26 Ekim 2009 Pazartesi

ATEŞE HÜKMEDENLER.










































































































Şehir Notları

Ateşe hükmedenler

Son üç ocak, son üç usta




Kastamonu Bakırcılar Çarşısı’nda kalay yapan üç usta kaldı. En genci 50’sini çoktan devirmiş bu ustaların çırağı da yok. Kaybolmakta olan bu kalaycılığı ateşe hükmeden bu ustalardan bire bir dinleyim dedim.
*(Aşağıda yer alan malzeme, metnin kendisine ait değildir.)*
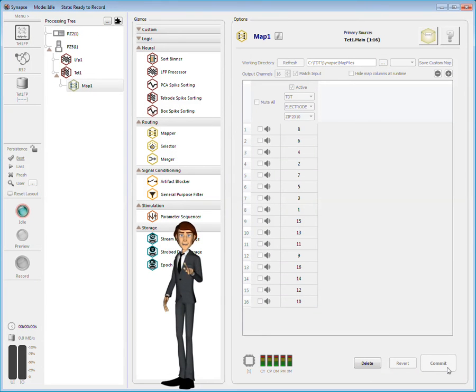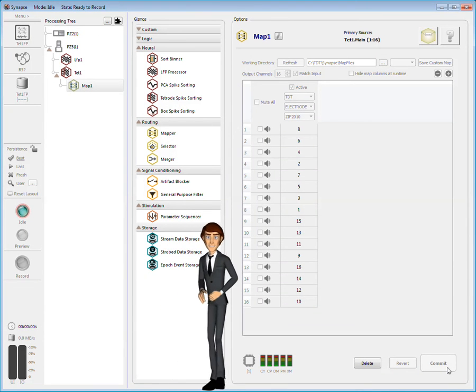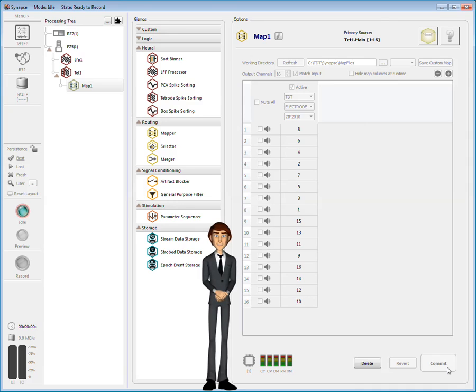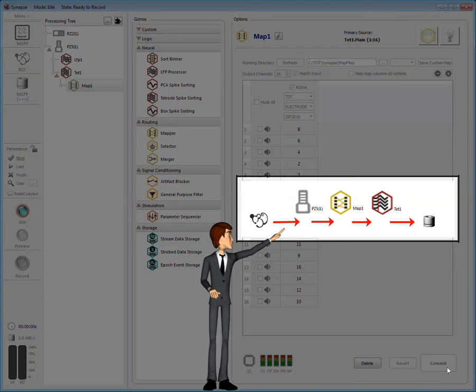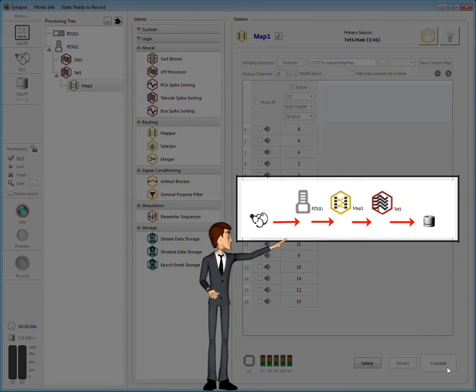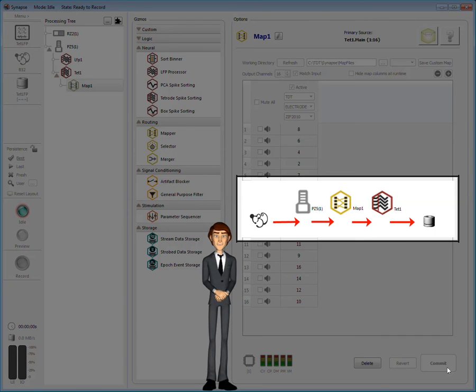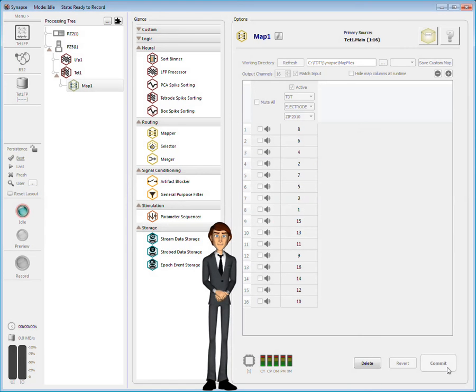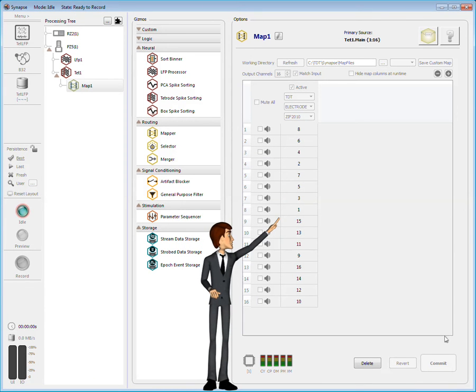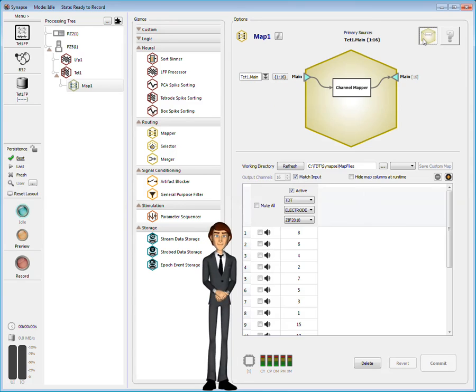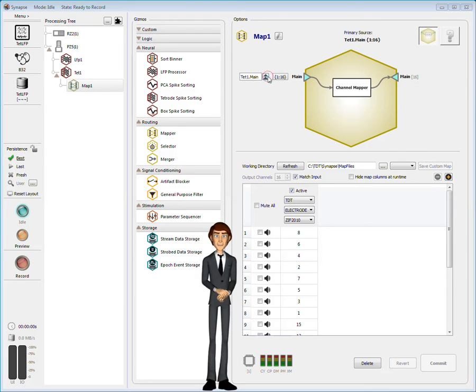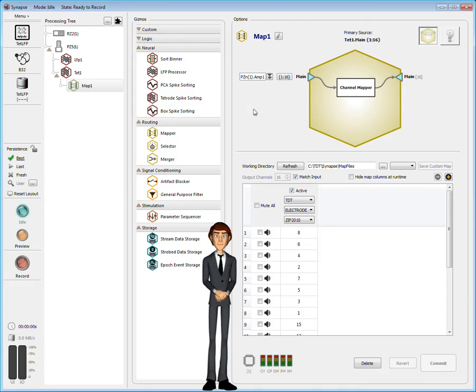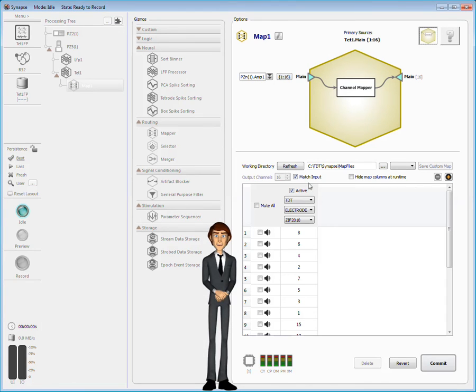Now I'll have to back up. The gizmo needs to be added between the amplifier and the TetRoad gizmo so that the channels are reorganized before sorting. To fix this, I'll display the mapper block diagram. Just like before, I can select the input source and commit the change.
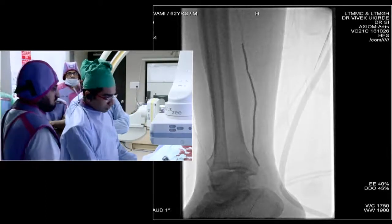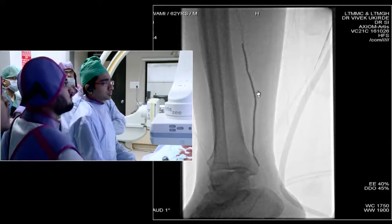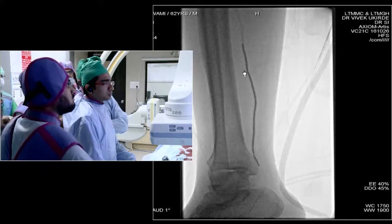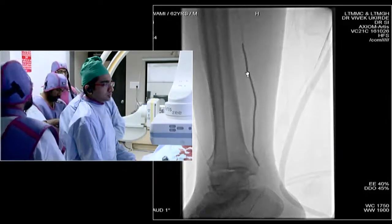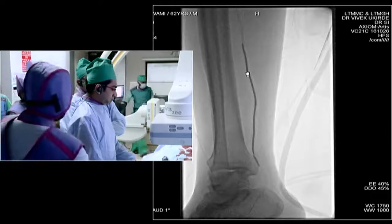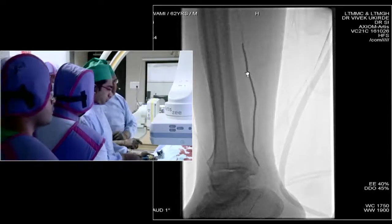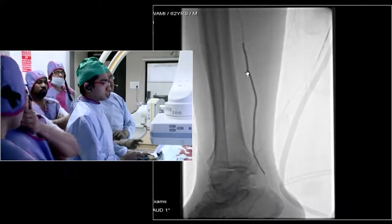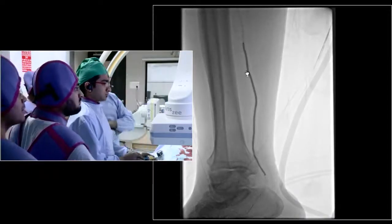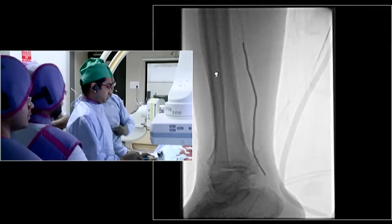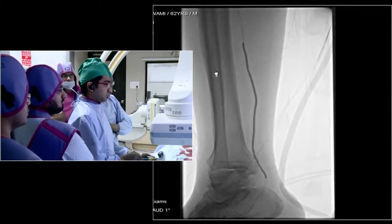We have already put a marker on the screen so we know exactly where to put the scaffold. There is still a waist on the balloon at two levels. I wouldn't mind inflating a little higher and holding the balloon for a little longer — maybe three minutes dilatation at higher pressure, up to 14, 16, even 18 or 20 atmospheres. The waist is now gone; we are at 10 atmospheres.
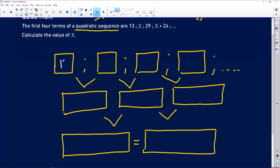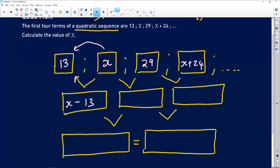The terms of our pattern are: first term 13, second term x, third term 29, and fourth term x plus 24. Now we find the first differences using reverse subtraction — you always take the next term minus the previous term. So the first differences are: x minus 13, then 29 minus x, then (x plus 24) minus 29, which gives x minus 5.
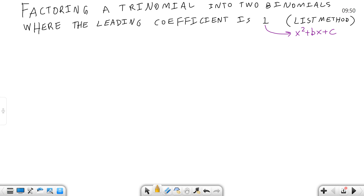This is a factoring video — factoring a trinomial into two binomials, sometimes called undoing FOIL. Here we're going to focus where the leading coefficient is one, so the form is x squared plus bx plus c, where b and c can be positive or negative. A student this past semester called it the list method, and that sounds just as good as anything, so we're going to call it the list method.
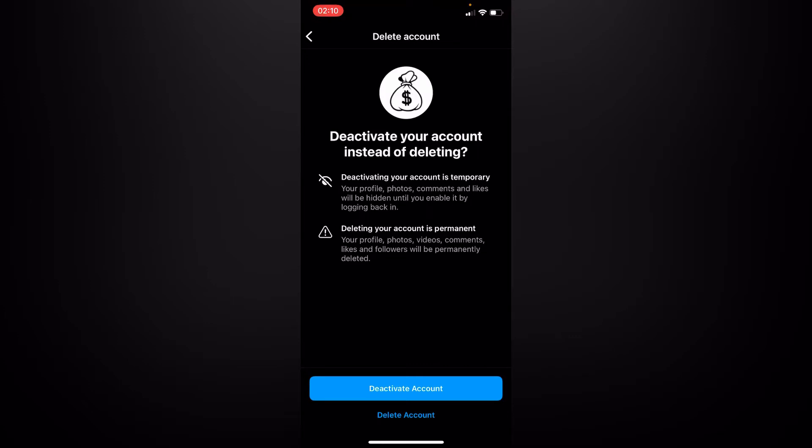You can choose to temporarily deactivate your account — this means your profile, photos, comments, and likes will be hidden until you log in and re-enable the option. Or you can choose the other option of deleting your account, which means your account will be permanently deleted.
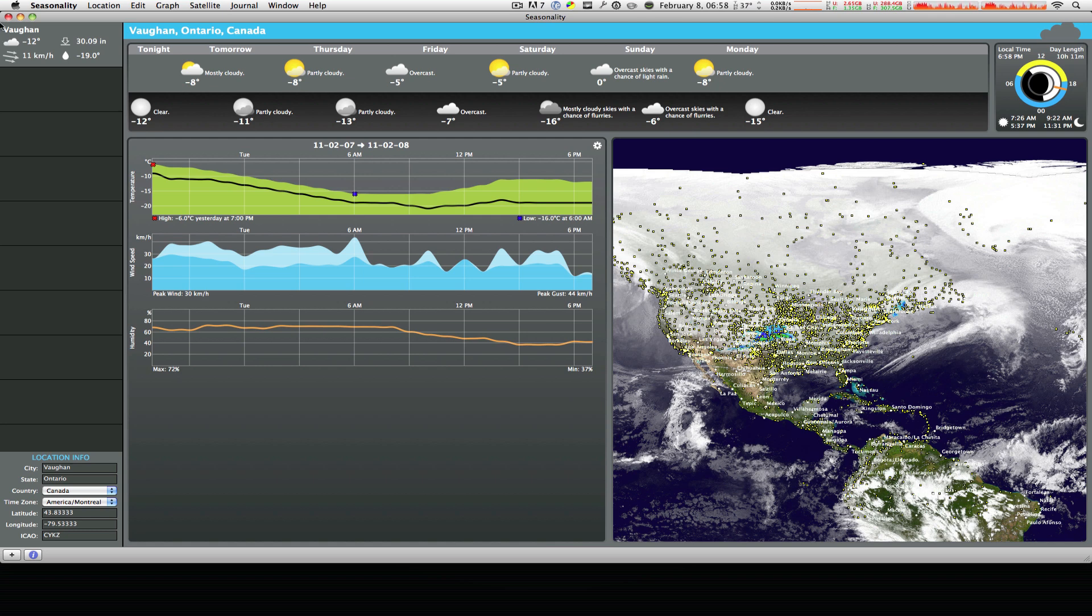At the very bottom it'll give you the location info. The country, the state or province, the latitude, longitude, ICAO, etc.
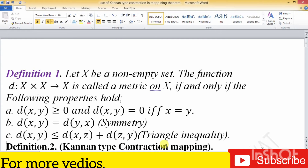Assalamualaikum, my dear fellow students. Once again, most welcome. Today we shall discuss about the Ciric-type contraction, like Banach contraction, which we have to use. I am going to share my knowledge with you.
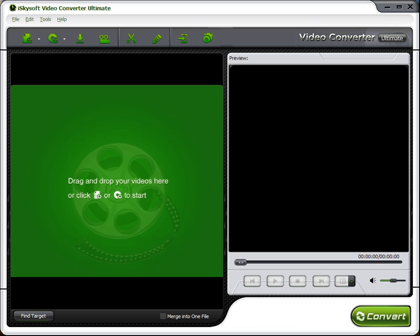So you may have some older music files that you want to get rid of the protection on. And today I'm going to use a software called iSkySoft Video Converter Ultimate. It's pretty slick, it's really easy to use.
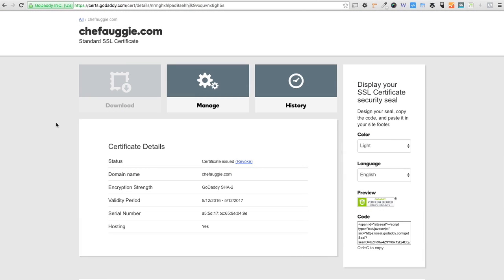I hope this was helpful, guys. If you have any questions or any challenges setting up an SSL Certificate with GoDaddy, please leave your comments below.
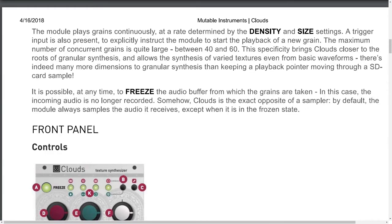The module plays grains continuously, at a rate determined by the density and size settings. A trigger input is also present to explicitly instruct the module to start the playback of a new grain. The maximum number of concurrent grains is quite large, between 40 and 60. This specificity brings Clouds closer to the roots of granular synthesis and allows the synthesis of varied textures, even from basic waveforms.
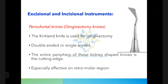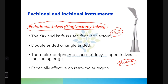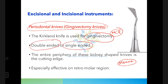Starting with excisional and incisional instruments — these are used for excising tissue and giving incisions. First are the periodontal knives, also called gingivectomy knives. An important MCQ point: Kirkland knife and Orban's knife are the two main knives used for gingivectomy.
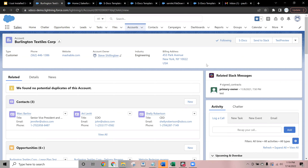S-Docs also supports electronic signature functionality via our tool called SSign, and just like S-Docs, SSign is 100% native to Salesforce. We can also connect with your Experience Cloud, as well as GovCloud and any other Salesforce environment you might be using. We can be embedded in a variety of different workflows, screen flows, and so on. Since we are native, we are compatible with virtually any Salesforce technology you might be using today, including mobile and others.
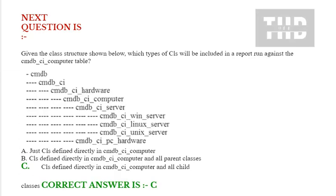Next question is: Given the class structure shown below, which types of CIs will be included in a report run against the cmdb_ci_computer table? Option A: Just CIs defined directly in cmdb_ci_computer.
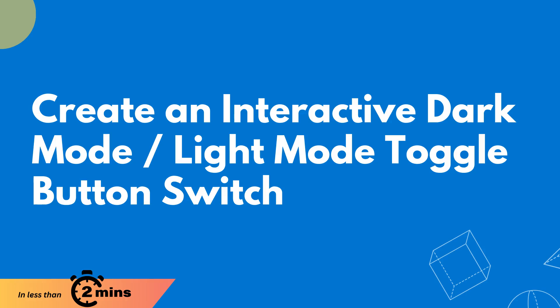Welcome back to our channel. In today's video, we'll show you how to make a toggle button interactive, switching seamlessly between light and dark mode.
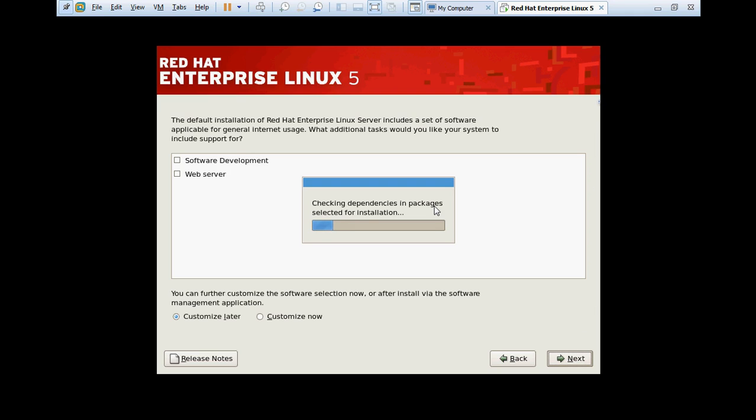Now it is just going to check the dependency and install the packages accordingly. Please watch the full video. If you like the video, please like and subscribe to my channel Education Just Ahead. This is my first video on YouTube. In the next video I will show you how you can install Red Hat Linux 6 or 7 and many more videos about Linux.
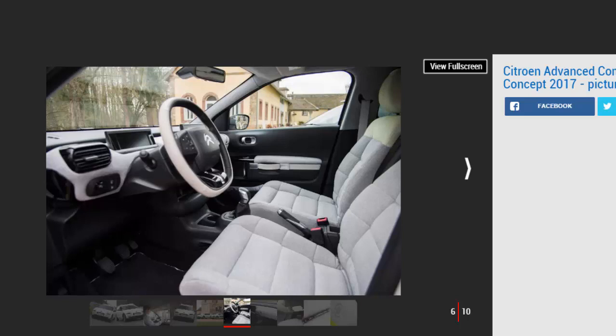It's so innovative, Citroën has applied for 20 patents for the new tech. How does the Citroën Advanced Comfort Lab drive?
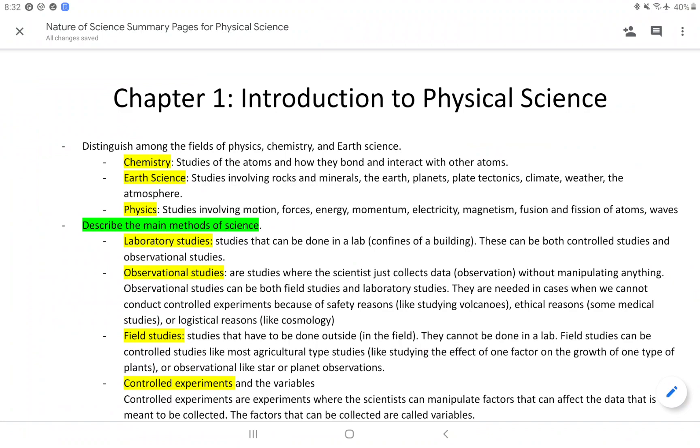Let's compare the fields of physical science: chemistry, earth science, and physics.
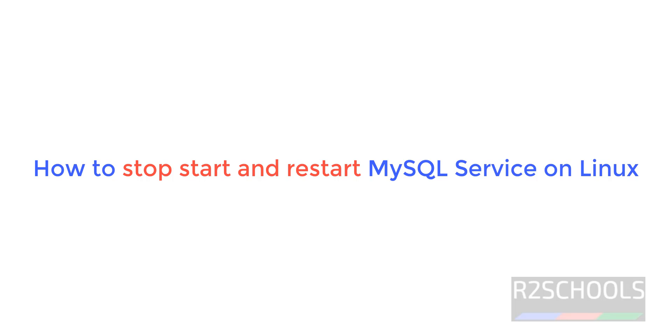Hello guys, in this video we will see how to stop, start and restart MySQL service on Linux operating systems. The steps are common for all Linux distributions like Ubuntu, Red Hat Enterprise Linux, Fedora, Oracle Linux, Debian or any other distributions.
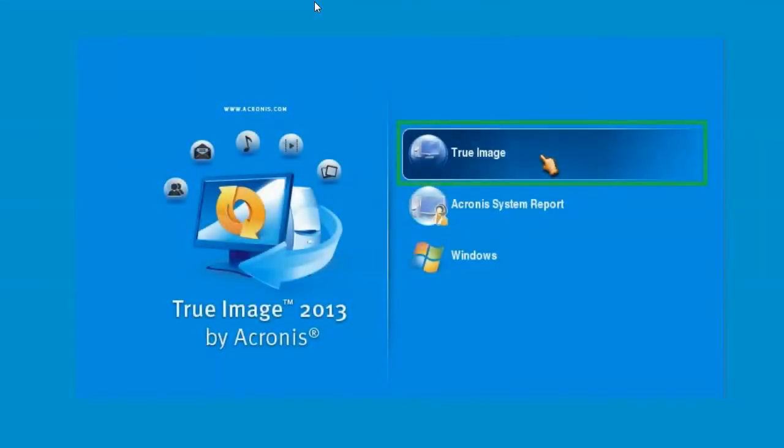Hello. This video is about Acronis True Image 2013. In a few moments, True Image will be loaded from a bootable CD and used for two steps.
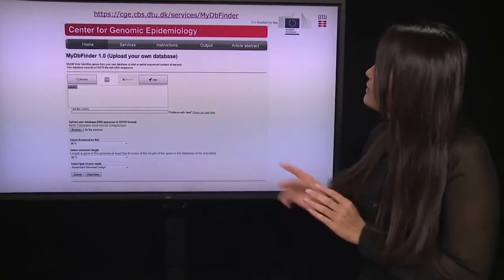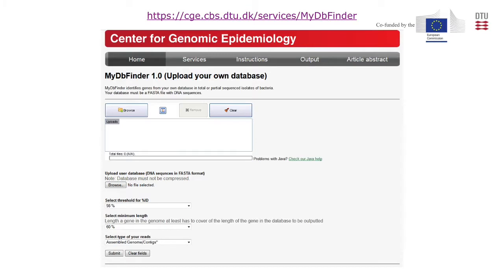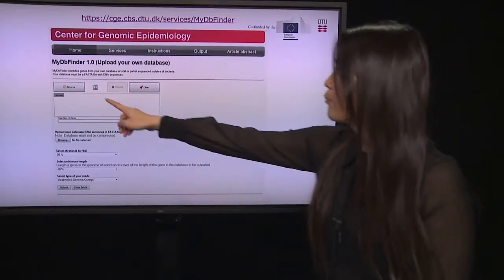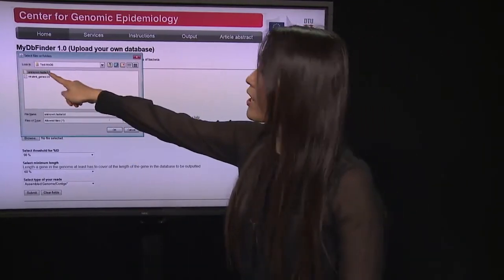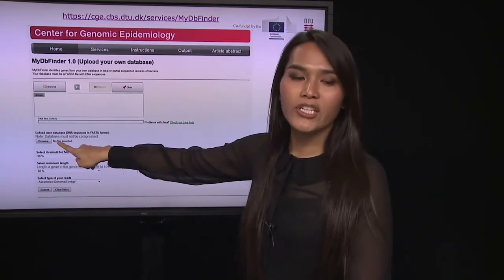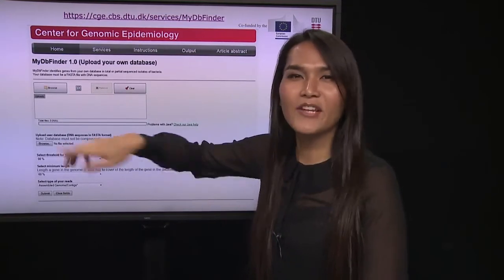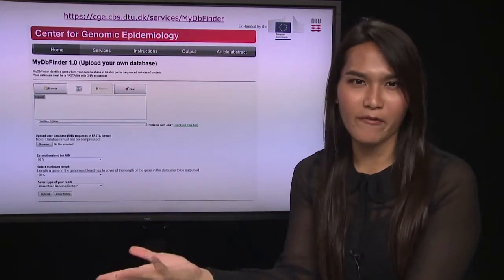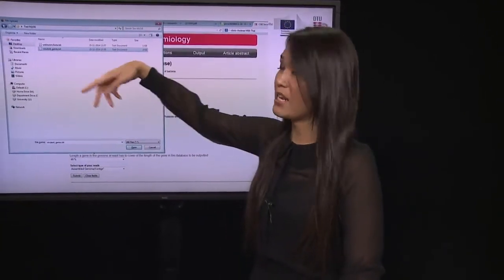This is the web link to MyDB FIDER. When you click it, you see the web interface. First, you browse your unknown sequence and upload it. The next option is to upload your own database — the one you made in the text editor. In this example, it's a virulence database.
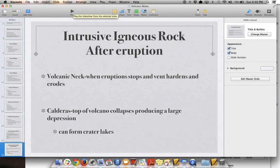So those are all our volcano notes. We will next be going into earthquakes, and we'll have some audio notes for those as well when we get to that part.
Kim bilir belki yarın çok geç olur.
İlk ustamız Sarıkayalı Raşit Yazıcı. 10 yaşlarında başladığı bu mesleği hâlâ sürdürüyor.
Tozun, sıcağın karşısında kalayladığı bir kap karşılığında aldığı para 10 lira...
Koca Raşit Usta, bir yandan kazanları,kapları büyük bir maharetle kalaylarken bir yandan da benimle konuşuyor:
“Emekliliğim gelsin diye bekliyorum. Sürem dolunca ben de bırakacağım. Kalaycılık artık öldü. Bakırcılar çalışmazsa zaten kalaycılar da olmaz. Bir zamanlar bu çarşıdan geçerken kulaklarını tıkamak zorunda kalırdın. Öylesine çok çalışılırdı.
Benim dedem kalaycıymış, babam da kalaycıydı. Ben de kalaycı oldum. Ama bu burada bitti. Benden sonra bu mesleği yapacak kişi yok”...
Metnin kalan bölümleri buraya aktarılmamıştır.